Question

Prove by mathematical induction.
4ⁿ ≥ (1 + 3n)
for n ≥ 1

Answer 1

$\large\underline{\sf{Solution-}}$

Let assume that

$\rm \: P(n): \: {4}^{n} \geqslant 1 + 3n$

Step :- 1 For n = 1

$\rm \: P(1): \: {4}^{1} \geqslant 1 + 3 \times 1$

$\rm\implies \:P(1):4 = 4$

$\rm\implies \:P(1) \: is \: true \: for \: n = 1$

Step :- 2 Let assume that P(n) is true for n = k, where k is some natural number.

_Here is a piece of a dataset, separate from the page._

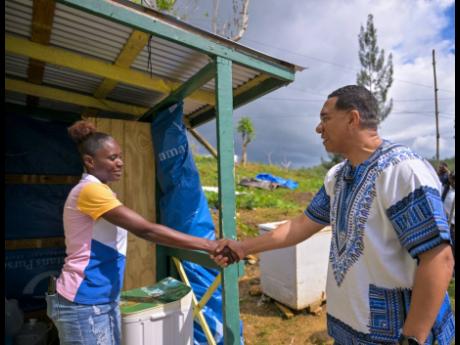 Prime Minister, Dr Andrew Holness, greets resident of Accompong, St Elizabeth, Coleen Hutchinson, during a tour of homes in the area on Tuesday, January 6, 2026. Hutchinson is among residents who have benefited from roof repair works being conducted in the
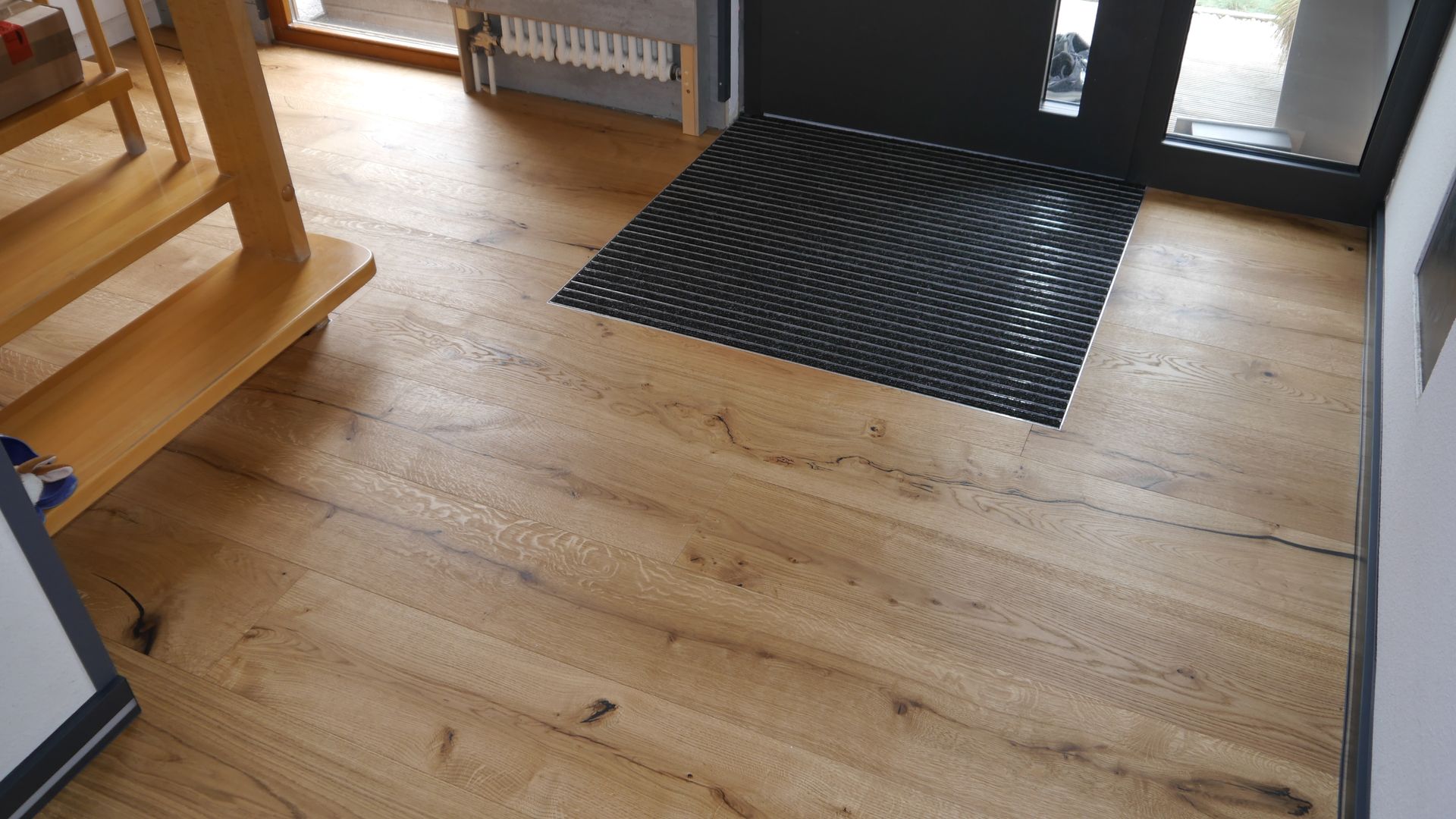 Ein Holzboden mit einer schwarzen Matte vor einer Tür.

$\rm \: P(k): \: {4}^{k} \geqslant 1 + 3k - - - (1)$

Step :- 3 Now, we have to prove that P(n) is true for n = k + 1

$\color{blue}\rm \: P(k + 1): \: {4}^{k + 1} \geqslant 1 + 3(k + 1)$

Now, from equation (1), we have

$\rm \: \: {4}^{k} \geqslant 1 + 3k$

On multiply by 4, on both sides we get

$\rm \: \: 4 \times {4}^{k} \geqslant 4(1 + 3k)$

$\rm \: \: {4}^{k + 1} \geqslant 4 + 12k$

can be rewritten as

$\rm \: \: {4}^{k + 1} \geqslant 1 + 3 + 3k + 9k > 1 + 3 + 3k$

$\rm \: \: {4}^{k + 1} \geqslant 1 + 3(1 + k)$

$\rm\implies \:\rm \: \: {4}^{k + 1} \geqslant 1 + 3(k + 1)$

$\rm\implies \:P(n) \: is \: true \: for \: n = k + 1$

Hence, By the Principle of Mathematical Induction,

$\color{green}\rm\implies \:\rm \: \: {4}^{n} \geqslant 1 + 3n \: \: \forall \: n \geqslant 1$